The chapter is prefaced by a brief summary of the policy background. People with long-term conditions account for a very high proportion of all health service usage. Yet those services often struggle to provide what is needed. Accurate diagnosis, medicines and treatments matter, but so does an approach that is sensitive to your preferences and your experience of living with your condition; continuity of care and the joining up of different services; being empowered and supported to live a fulfilling life. There are five stories in this chapter. Katie has had type 1 diabetes for around twenty-five years with gradually increasing painful and distressing complications. Tim is in his 30s and has epilepsy which developed during his teenage years. He talks of the stigma attached to the condition. Joanna has various health problems, including Ehlers-Danlos syndrome, which is a rare condition, and which her son also suffers from. Jasmin has lupus which took a long time to be correctly diagnosed. Venetia lives with chronic fatigue syndrome which has significantly affected her quality of life as a young adult. We invite readers to assess how these narratives compare with the four characteristics of patient-centred care that we outlined in Chapter 1. As with the other chapters, we pose questions arising from these stories, to simulate thinking and reflection. We have divided these into questions of immediate or operational concern, and those which are more strategic or policy-related.
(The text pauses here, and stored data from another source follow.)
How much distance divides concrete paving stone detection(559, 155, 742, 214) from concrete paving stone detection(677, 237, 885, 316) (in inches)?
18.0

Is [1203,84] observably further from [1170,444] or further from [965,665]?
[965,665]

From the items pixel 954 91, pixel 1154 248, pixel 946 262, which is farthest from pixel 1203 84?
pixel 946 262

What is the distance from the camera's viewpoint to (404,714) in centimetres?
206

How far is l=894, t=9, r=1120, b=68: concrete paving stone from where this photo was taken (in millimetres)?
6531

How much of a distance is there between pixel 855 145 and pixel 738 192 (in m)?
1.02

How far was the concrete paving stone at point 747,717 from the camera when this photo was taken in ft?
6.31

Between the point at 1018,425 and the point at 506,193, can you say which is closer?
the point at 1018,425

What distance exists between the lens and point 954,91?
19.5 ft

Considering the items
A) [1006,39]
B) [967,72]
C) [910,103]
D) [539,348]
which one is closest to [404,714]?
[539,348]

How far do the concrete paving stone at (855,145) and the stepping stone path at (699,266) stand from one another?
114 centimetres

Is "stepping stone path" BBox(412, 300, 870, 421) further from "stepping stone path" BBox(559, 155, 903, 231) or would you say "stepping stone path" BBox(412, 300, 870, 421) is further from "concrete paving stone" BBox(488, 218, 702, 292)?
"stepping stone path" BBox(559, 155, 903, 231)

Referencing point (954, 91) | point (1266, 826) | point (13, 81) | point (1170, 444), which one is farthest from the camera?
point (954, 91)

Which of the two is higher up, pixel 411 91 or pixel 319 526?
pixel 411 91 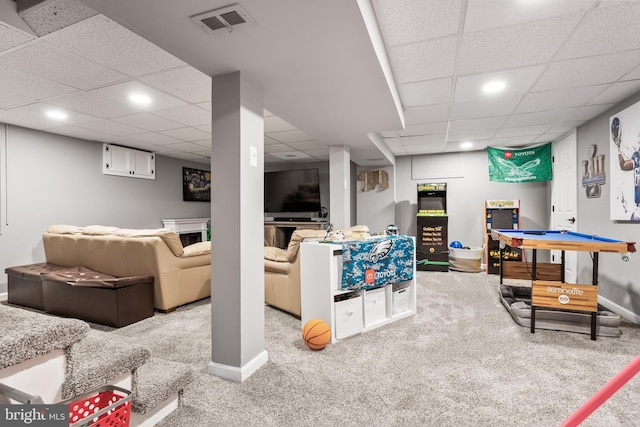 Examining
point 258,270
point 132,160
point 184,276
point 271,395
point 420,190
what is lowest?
point 271,395

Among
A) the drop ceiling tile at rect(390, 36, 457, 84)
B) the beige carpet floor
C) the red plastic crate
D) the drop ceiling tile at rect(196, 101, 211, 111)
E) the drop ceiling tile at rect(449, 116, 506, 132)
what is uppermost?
the drop ceiling tile at rect(196, 101, 211, 111)

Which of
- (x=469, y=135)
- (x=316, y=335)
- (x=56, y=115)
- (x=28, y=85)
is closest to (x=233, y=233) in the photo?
(x=316, y=335)

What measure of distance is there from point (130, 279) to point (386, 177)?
204 inches

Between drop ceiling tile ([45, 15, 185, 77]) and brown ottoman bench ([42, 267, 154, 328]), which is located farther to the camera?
brown ottoman bench ([42, 267, 154, 328])

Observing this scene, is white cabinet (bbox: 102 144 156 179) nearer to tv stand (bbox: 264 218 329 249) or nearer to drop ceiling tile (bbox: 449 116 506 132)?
tv stand (bbox: 264 218 329 249)

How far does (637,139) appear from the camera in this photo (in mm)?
3031

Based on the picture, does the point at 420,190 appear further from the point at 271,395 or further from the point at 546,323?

The chapter is prefaced by a brief summary of the policy background. Mental health problems are widespread, at times disabling, yet often hidden. In the UK, nearly half of adults think that they have had a diagnosable mental health condition at some point in their life. Since the 1960s, punitive and stigmatising attitudes have largely given way in most countries to a more community-based, human rights-informed approach. Nevertheless, mental health services in the UK have not had the priority given to physical health. Recent national policy is aimed at boosting provision. This chapter contains five stories. Audrey is a healthcare professional. Hers is a story fragment, describing struggles to get access to the right services for her family member. Stanley arrived in the UK from Zimbabwe and had his first breakdown and diagnosis of bipolar disorder in 1997. Alan has also been living with bipolar disorder for over twenty years and now works as a patient ambassador. Nathan is a teenager with various mental health issues. Finally, Lucy is a retired hospital psychiatrist with lived experience of a severe and enduring mental illness. We invite readers to assess how these narratives compare with the four characteristics of patient-centred care outlined in Chapter 1. As with the other chapters, we pose questions arising from these stories, to simulate thinking and reflection. We have divided these into questions of immediate or operational concern, and those which are more strategic or policy-related.